As I interpret the order of the court from which this appeal was taken, no attempt is made thereby to substitute the receivers of the Middlesex Banking Company for the original trustees, either as custodians of the pledged collateral before collection, or as custodians of the proceeds thereof after collection, or in the distribution of the proceeds under the terms of the trust contracts. It does not authorize the receivers to take the pledged collateral out of the hands of the trustees, except as may be necessary for the collection of the principal when due; and the receivers are required to return the net proceeds of such collections to the trustees for the account of the bondholders entitled thereto. In the *Page 662 meantime the trust companies are protected by the receivers' bonds. In other words, the organization maintained and controlled by the receivers is, by order of the court, constituted a bonded collection agency for the trustees, both as to interest and principal, upon a finding by the trial court which conclusively establishes the fact that the trustees must otherwise create some similar agency for that purpose at unnecessary expense either to the bondholders, to the unsecured creditors, or to both.
A proper understanding of the real scope of this order differentiates it very plainly from Cooke v. Warner,56 Conn. 234, 14 A. 798, where the receivers of an insolvent life insurance company attempted to take the possession, control and distribution of the statutory deposit required of life insurance companies out of the hands of the State treasurer, who was, by the statute, made the trustee of that fund for the benefit of policy-holders.
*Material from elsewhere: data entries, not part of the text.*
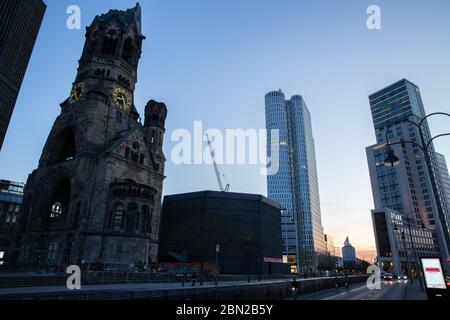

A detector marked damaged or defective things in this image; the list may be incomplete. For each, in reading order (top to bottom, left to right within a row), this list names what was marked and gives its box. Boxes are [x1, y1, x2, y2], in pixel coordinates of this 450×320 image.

damaged church tower [12, 3, 167, 268] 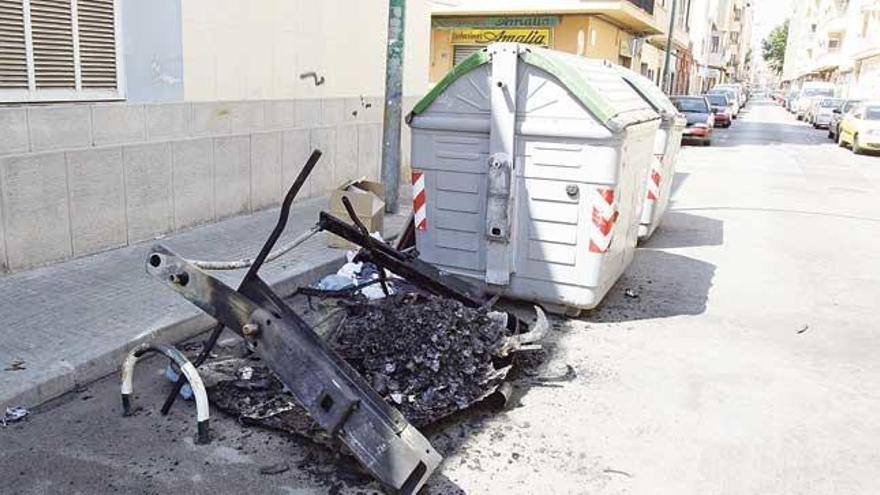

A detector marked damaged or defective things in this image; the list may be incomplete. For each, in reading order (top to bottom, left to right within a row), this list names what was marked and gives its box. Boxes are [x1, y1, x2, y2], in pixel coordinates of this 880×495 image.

fire damage [122, 149, 552, 494] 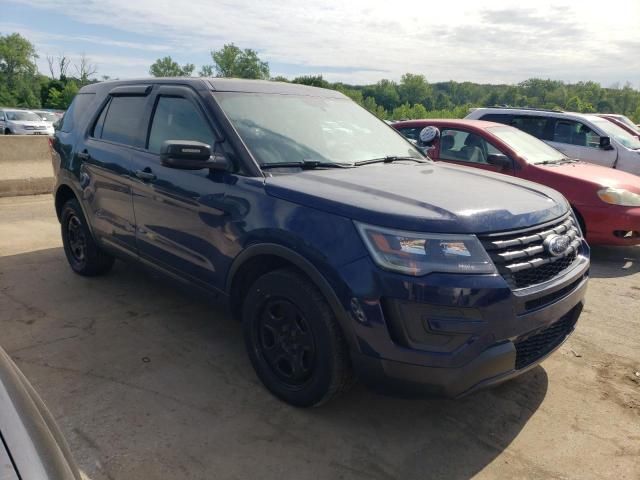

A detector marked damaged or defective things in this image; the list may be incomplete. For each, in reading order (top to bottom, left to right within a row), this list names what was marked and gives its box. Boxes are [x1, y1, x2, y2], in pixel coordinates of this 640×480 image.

cracked concrete [0, 196, 636, 480] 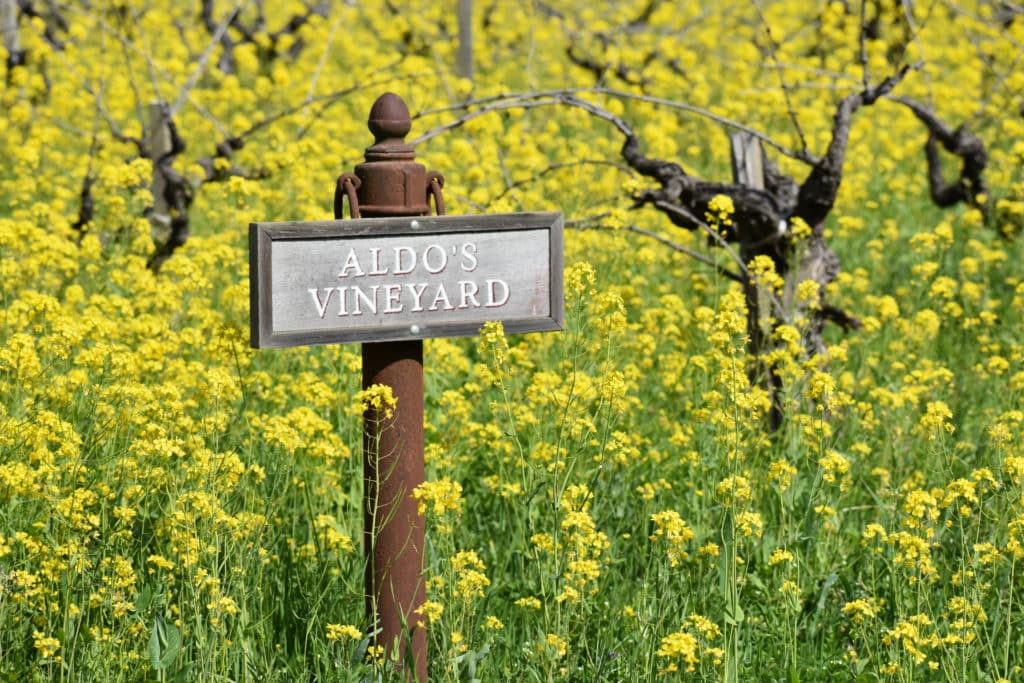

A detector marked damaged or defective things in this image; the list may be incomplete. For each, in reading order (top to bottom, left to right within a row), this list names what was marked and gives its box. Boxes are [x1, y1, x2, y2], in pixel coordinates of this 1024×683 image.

rusty metal post [336, 92, 440, 683] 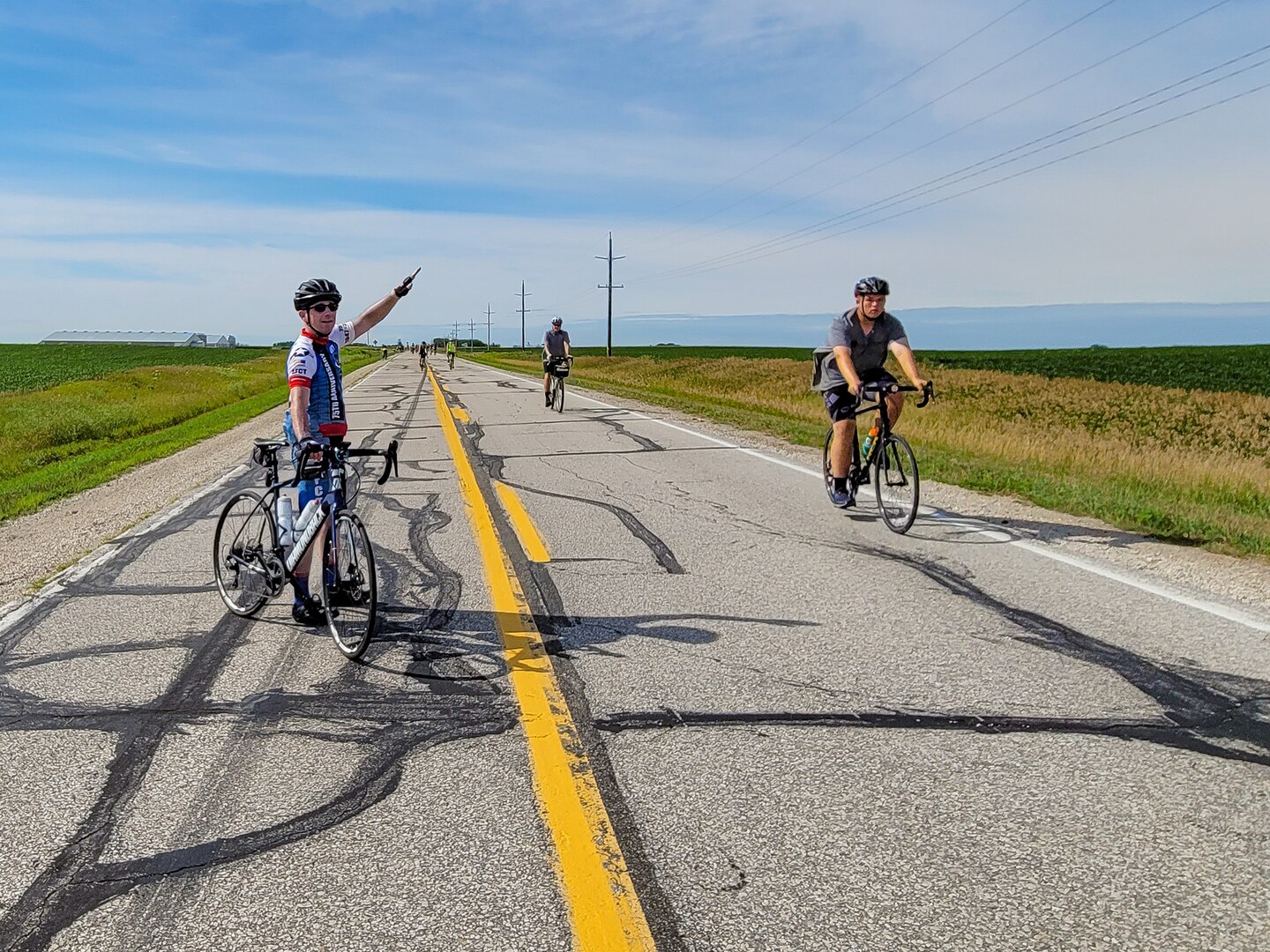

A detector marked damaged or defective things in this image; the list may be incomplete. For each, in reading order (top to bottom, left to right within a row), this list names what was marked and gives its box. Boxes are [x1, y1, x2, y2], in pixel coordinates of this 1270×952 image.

cracked asphalt road [2, 360, 1270, 952] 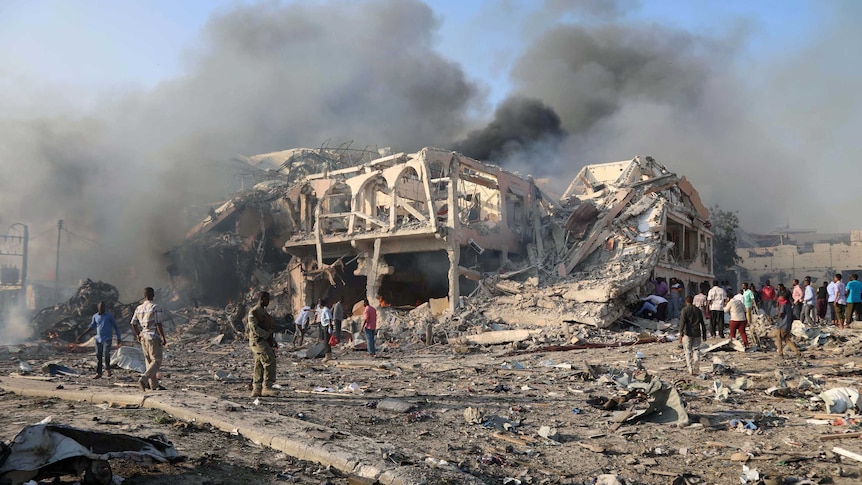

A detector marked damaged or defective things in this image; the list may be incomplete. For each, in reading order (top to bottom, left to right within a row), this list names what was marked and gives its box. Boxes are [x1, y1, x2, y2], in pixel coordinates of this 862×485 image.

burned wreckage [165, 147, 712, 328] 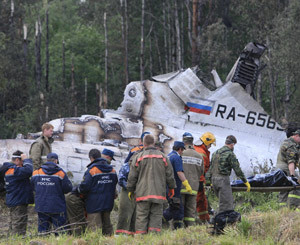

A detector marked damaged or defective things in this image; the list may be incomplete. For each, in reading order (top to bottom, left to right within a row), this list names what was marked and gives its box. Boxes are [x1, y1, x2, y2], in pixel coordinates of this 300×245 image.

broken aircraft panel [0, 42, 288, 184]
I fully agree with the rule laid down in the cases relied upon by the trustees, that pledged collateral cannot be taken by receivers out of the hands of the pledgee, and that if the pledge be upon trust to see to the application of the proceeds of the collateral after default, the trustee is entitled to administer the trust as against the receivers of the debtor. In my opinion the order in question does not conflict with that rule or with the general principle of the inviolability of contracts which lies behind it.
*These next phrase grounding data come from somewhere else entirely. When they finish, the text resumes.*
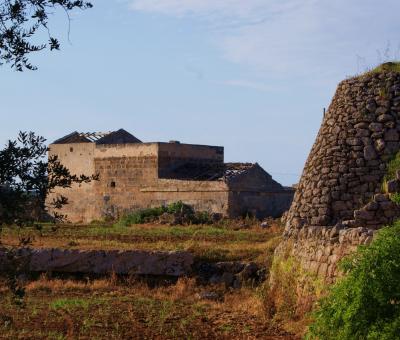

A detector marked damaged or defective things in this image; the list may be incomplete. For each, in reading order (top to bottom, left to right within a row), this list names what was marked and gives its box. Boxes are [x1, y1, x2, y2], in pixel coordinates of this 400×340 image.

damaged roof [52, 127, 141, 143] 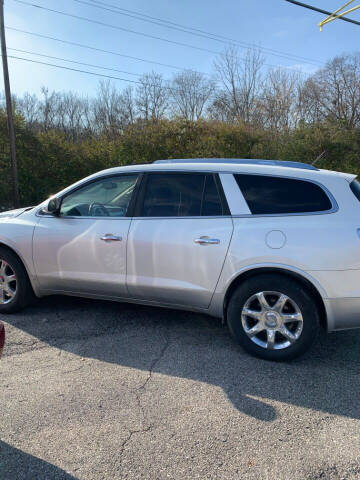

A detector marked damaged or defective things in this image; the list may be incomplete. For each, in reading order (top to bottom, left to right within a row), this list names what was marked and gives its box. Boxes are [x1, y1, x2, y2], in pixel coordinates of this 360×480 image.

cracked asphalt [0, 296, 360, 480] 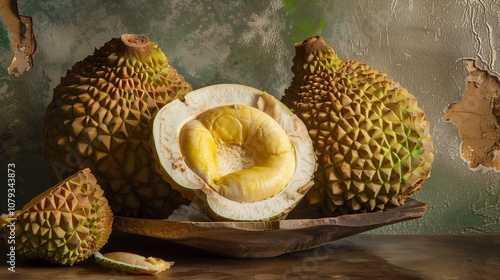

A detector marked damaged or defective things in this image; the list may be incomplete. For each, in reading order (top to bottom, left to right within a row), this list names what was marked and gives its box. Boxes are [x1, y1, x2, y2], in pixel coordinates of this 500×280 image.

peeling paint [0, 0, 35, 76]
peeling paint [444, 59, 498, 171]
The finding in this case shows that the ministerial details of the collection of interest and principal cannot, in any event, be attended to by the trustees themselves, and that they must either utilize for that purpose the already existing agency, or create one capable of operating in other States. This order, therefore, leaves the trustees in the custody of the collateral except as it must necessarily be transmitted to third persons in *Page 663 other jurisdictions for the purpose of collecting the principal; it takes out of their hands the collection of the interest which must, in any case, be collected in part through agents; and it provides proper security for the return of the net proceeds of all collections to the trustees, leaving them to execute the trust so far as it is possible for them to do so at all. No doubt the trustees could, under the terms of the trust, employ the receivers and the organization which they maintain and control to do the very things which the order requires the receivers to do; and the principal question before us is whether a court of equity, conducting a general administration in receivership proceedings, has power to compel the trustees to do so, when the fact is that such a course will result in a large saving for the benefit of either the bondholders, the unsecured creditors, or both.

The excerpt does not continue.